§ Your objective: May I please have every record restated word for word, with the images left out?

(Available data)

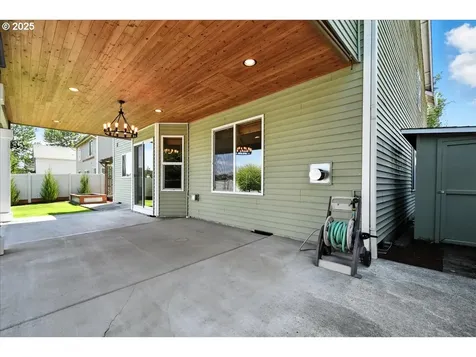2304 NW 15th Street Battle Ground WA 98604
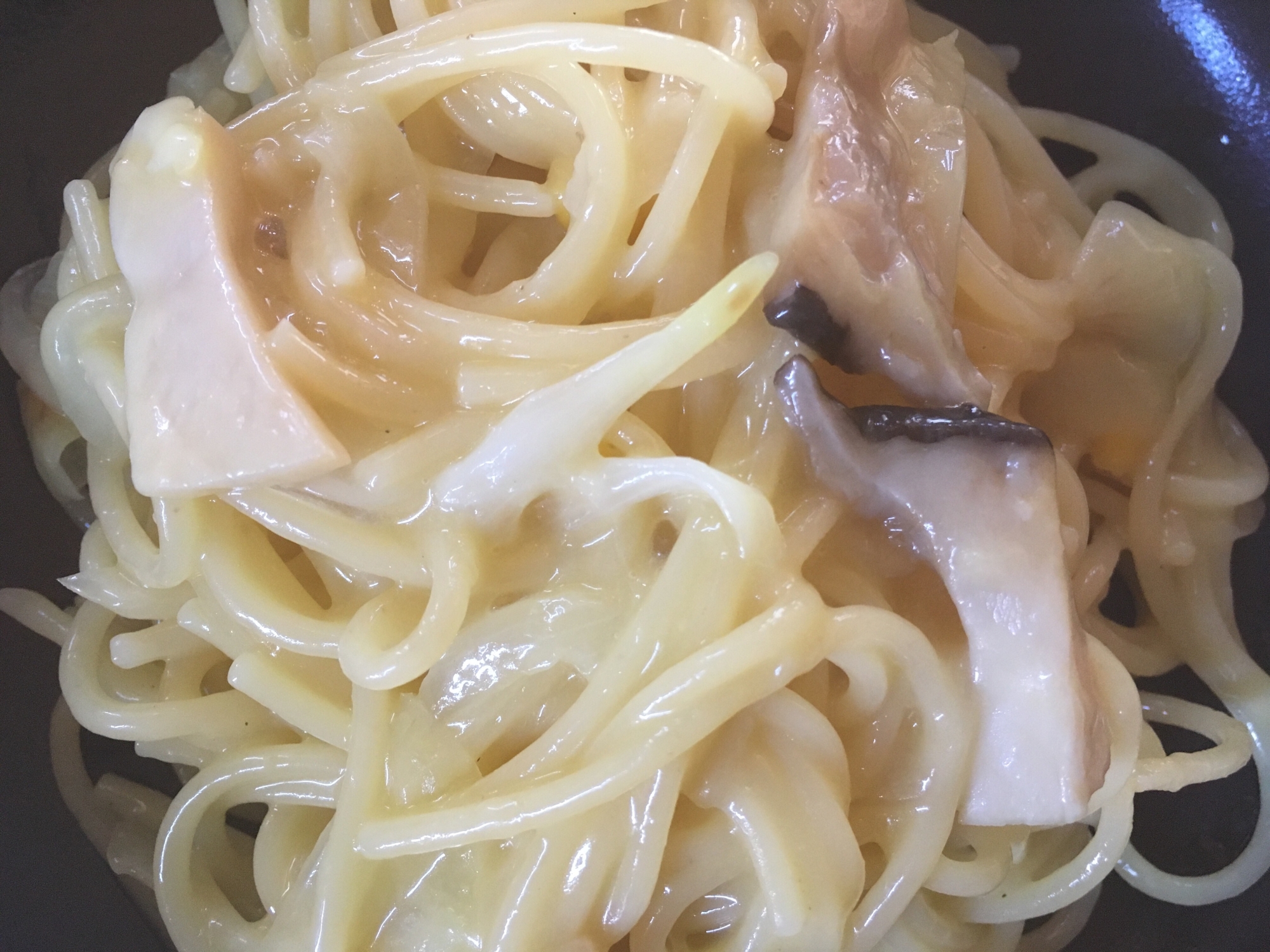 エリンギとたまねぎのレモンクリームパスタ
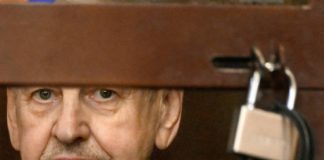 Вот несколько вариантов заголовков на основе вашего текста:
1. Срок за блиндаж: как Шойгу и Иванов подвели Минобороны
2. Блиндажное дело: суд над генералами и новые имена фигурантов
3. Иванов и компания: за блиндаж получили реальные сроки
4. Блиндаж в деле: суровый приговор Минобороны и его последствия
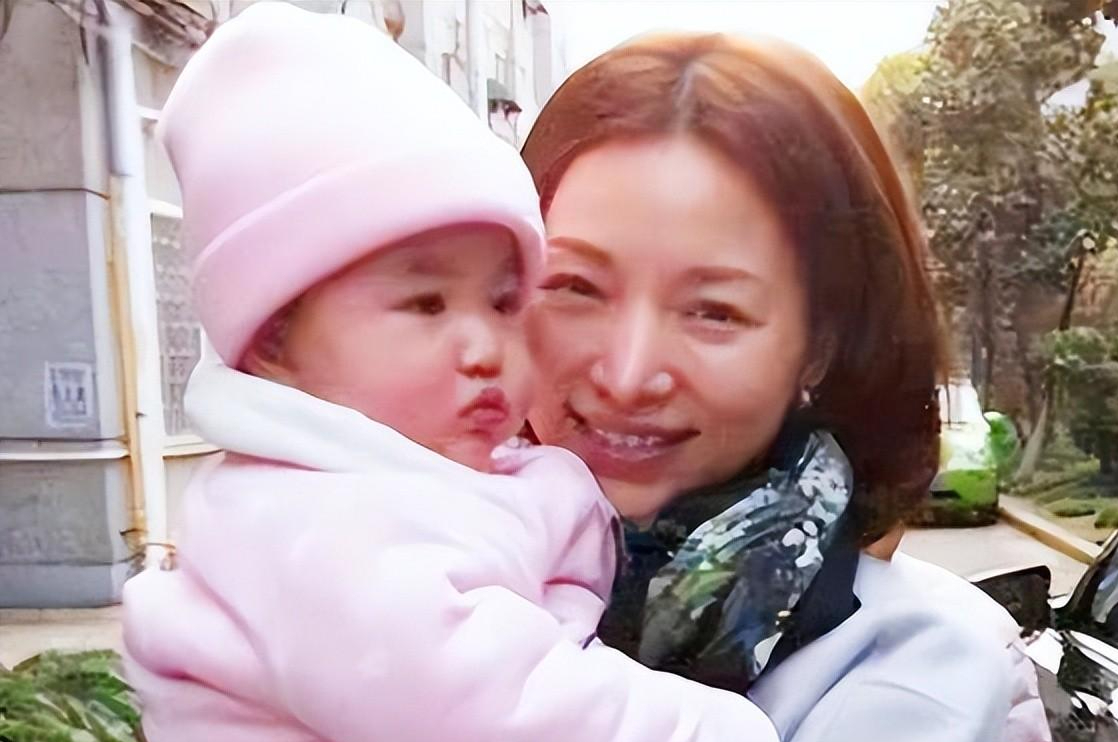 回顾事实证明消失的央视一姐董卿已经走上另一条大道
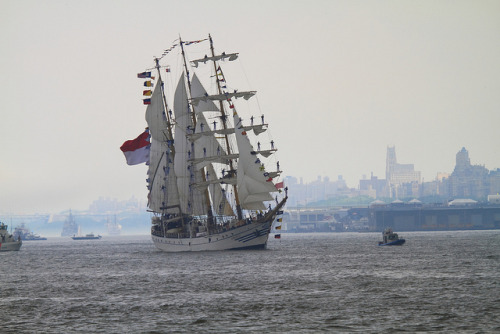 Tall Ship On The Hudson Rv. by pmarella on Flickr.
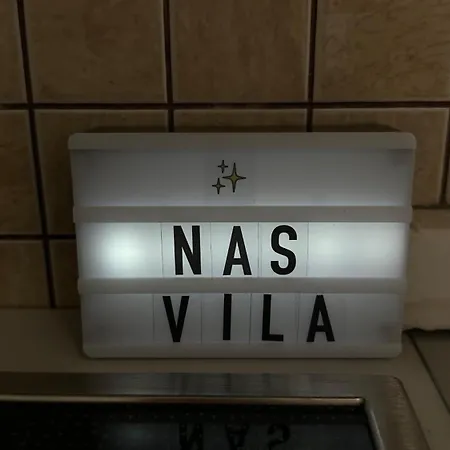 Nas
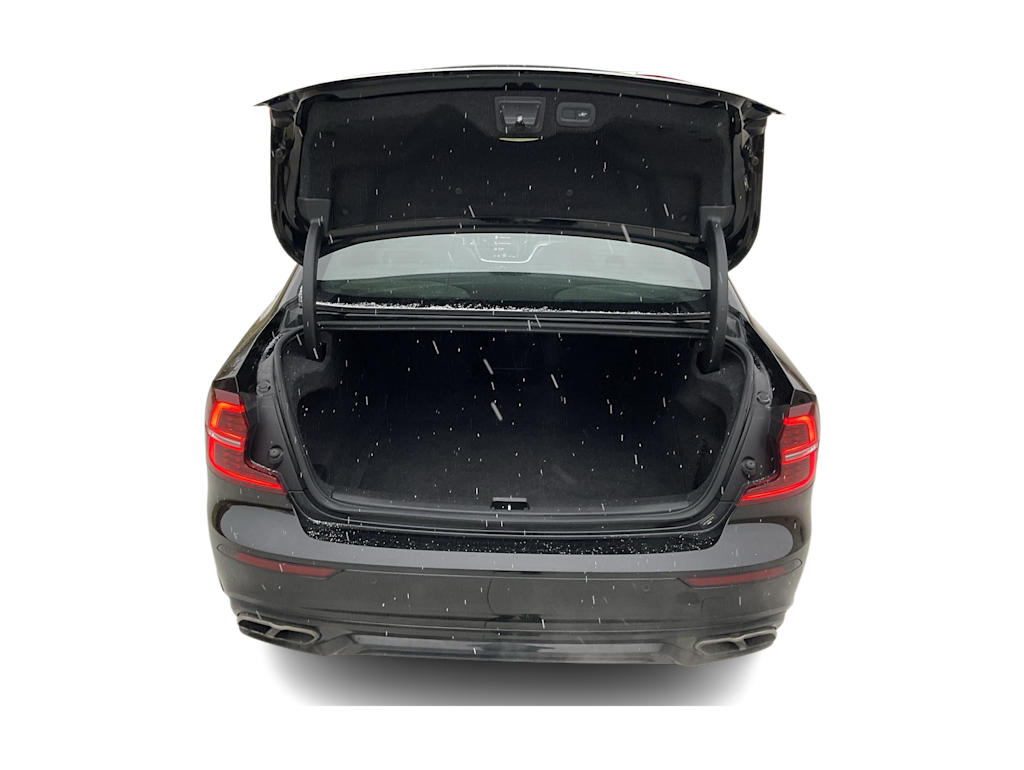 Thumbnail: 2020 Volvo S60 - 18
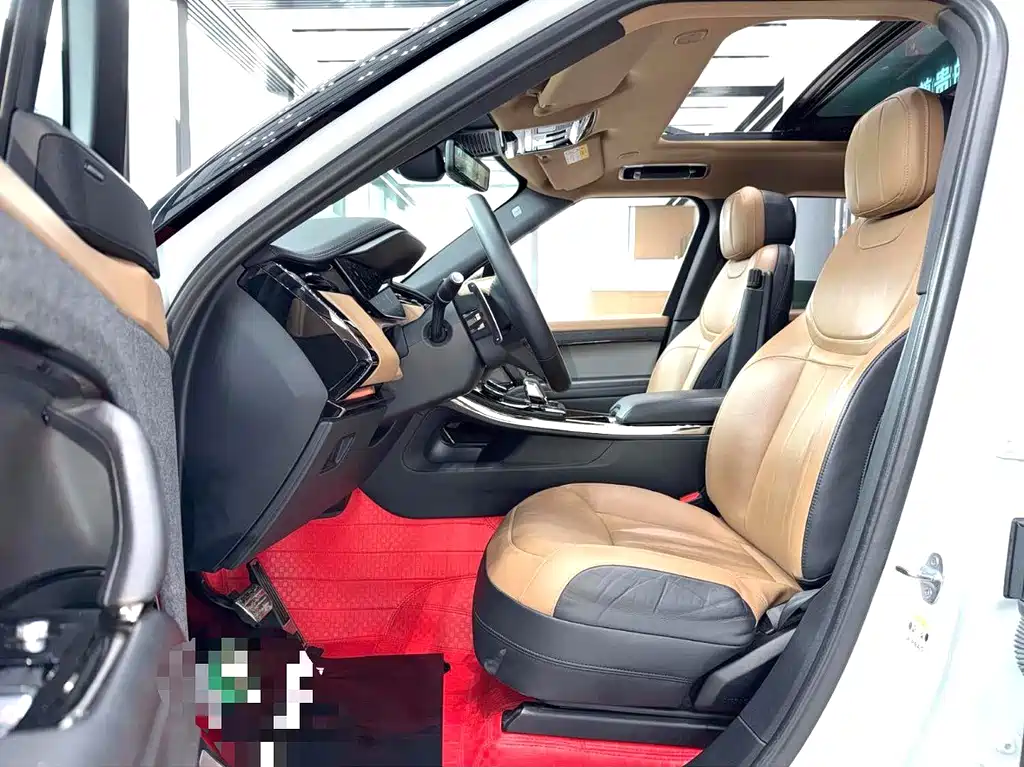 Range Rover Sport 2023 400PS Dynamic SE купить на сайте DeffCars
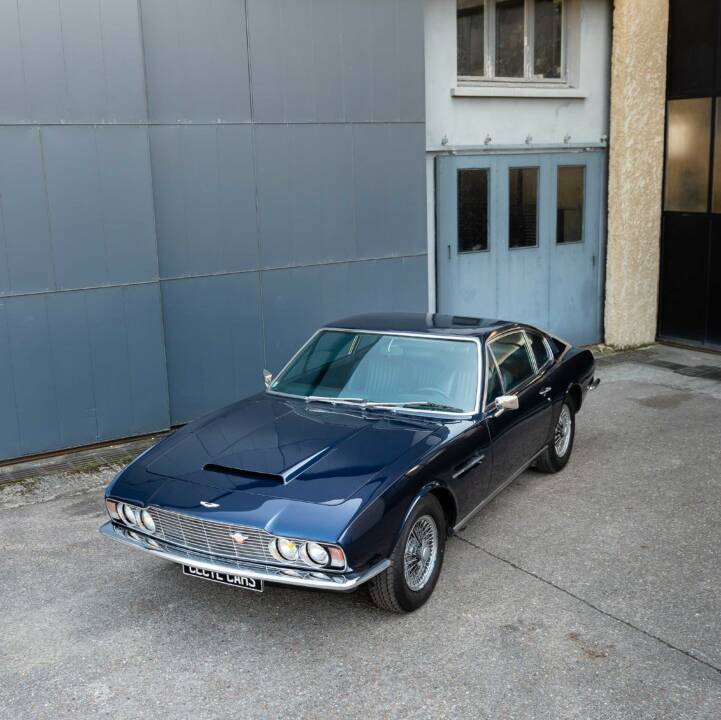Immagine 4/50 di Aston Martin DBS Vantage (1969)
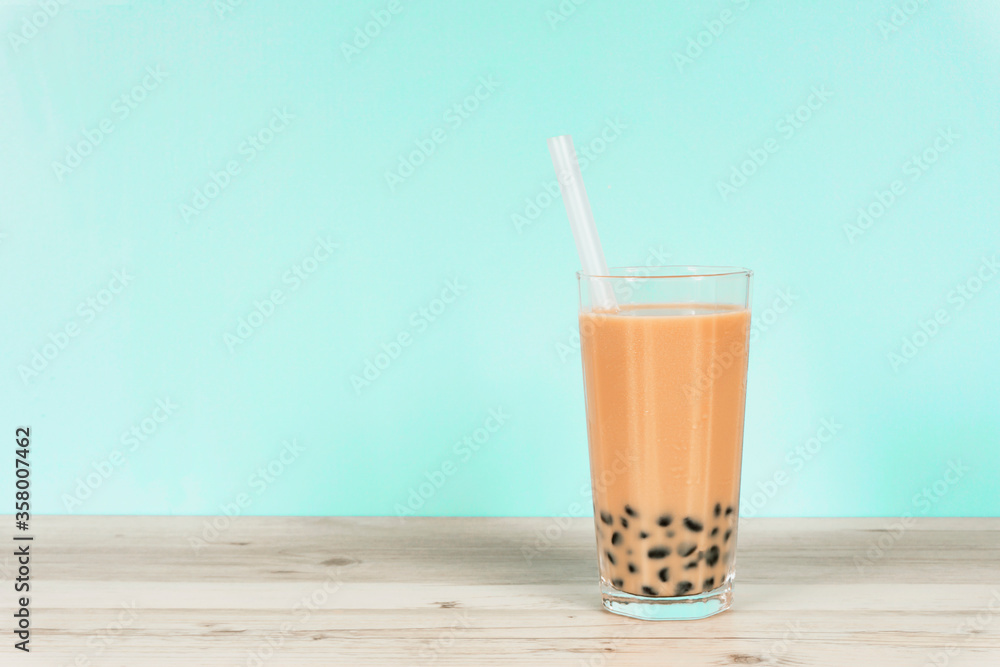 Tapioca drink. Brown. タピオカドリンク ブラウン Tapioca drink. Brown. タピオカドリンク ブラウン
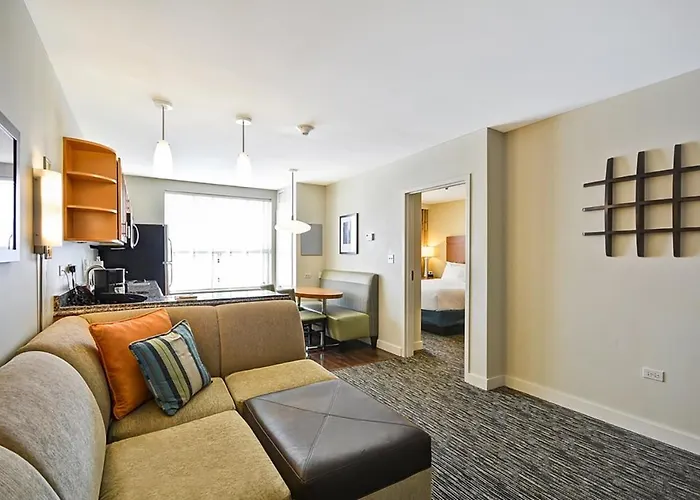 Hyatt House Naperville/warrenville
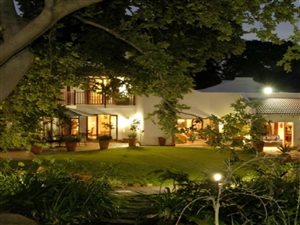 1400 m² Commercial space in Edenburg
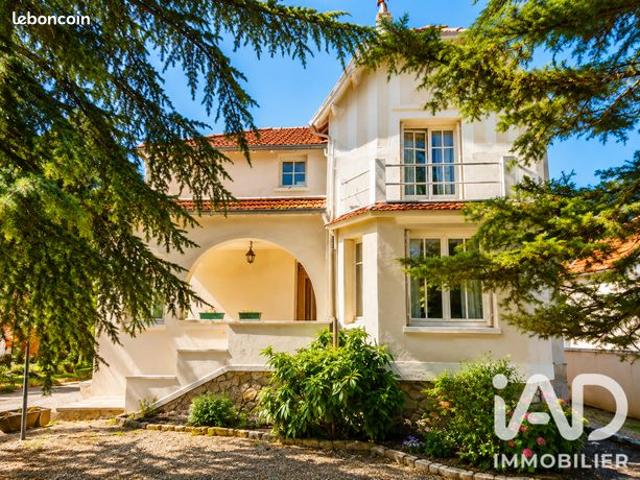 Maison 6 pièces 180 m²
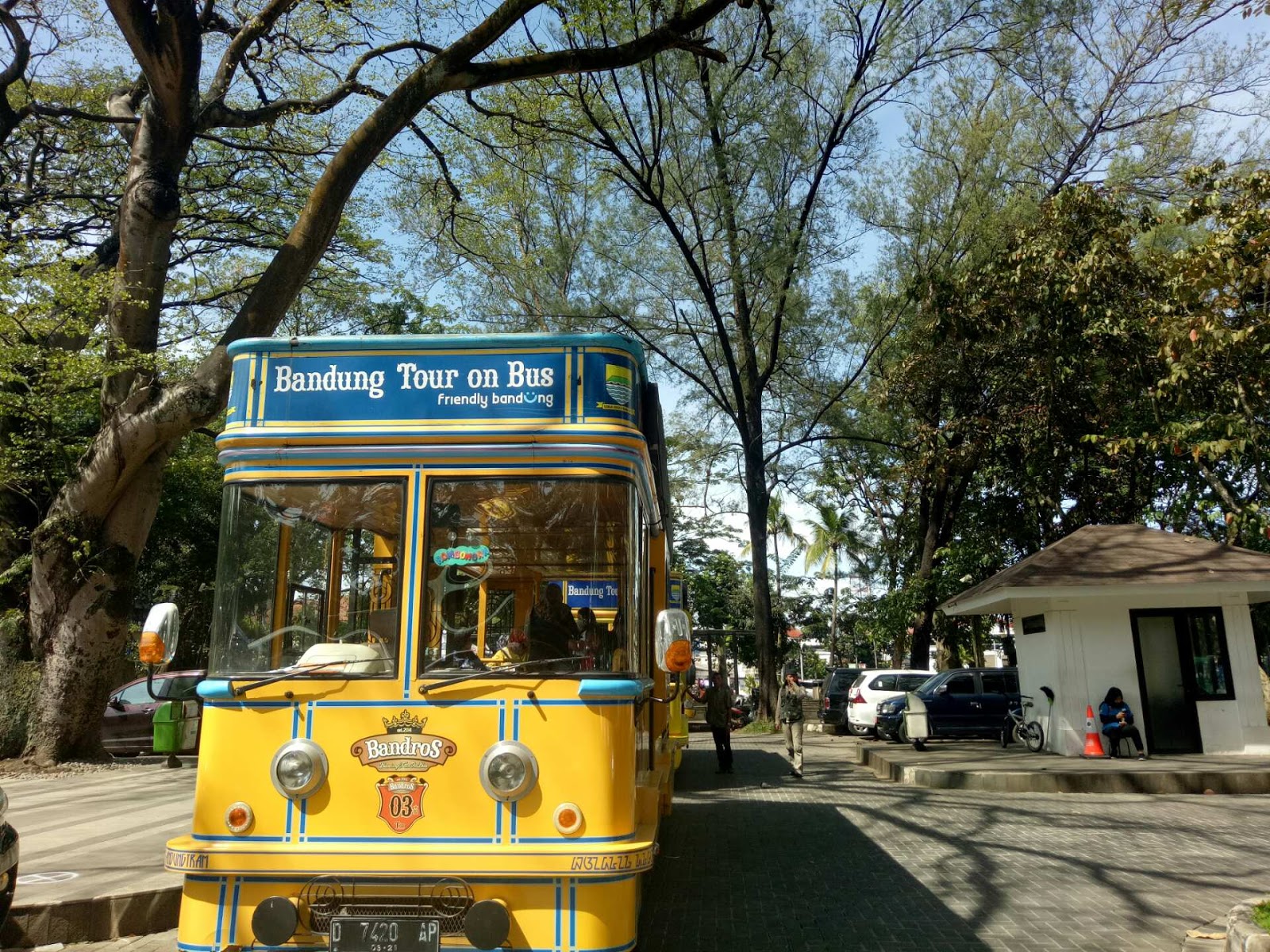 bandros bandung tour on the bus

(End Available data)

§ Answer for this exercise:
2304 NW 15th Street Battle Ground WA 98604
 エリンギとたまねぎのレモンクリームパスタ
 Вот несколько вариантов заголовков на основе вашего текста:
1. Срок за блиндаж: как Шойгу и Иванов подвели Минобороны
2. Блиндажное дело: суд над генералами и новые имена фигурантов
3. Иванов и компания: за блиндаж получили реальные сроки
4. Блиндаж в деле: суровый приговор Минобороны и его последствия
 回顾事实证明消失的央视一姐董卿已经走上另一条大道
 Tall Ship On The Hudson Rv. by pmarella on Flickr.
 Nas
 Thumbnail: 2020 Volvo S60 - 18
 Range Rover Sport 2023 400PS Dynamic SE купить на сайте DeffCars
Immagine 4/50 di Aston Martin DBS Vantage (1969)
 Tapioca drink. Brown. タピオカドリンク ブラウン Tapioca drink. Brown. タピオカドリンク ブラウン
 Hyatt House Naperville/warrenville
 1400 m² Commercial space in Edenburg
 Maison 6 pièces 180 m²
 bandros bandung tour on the bus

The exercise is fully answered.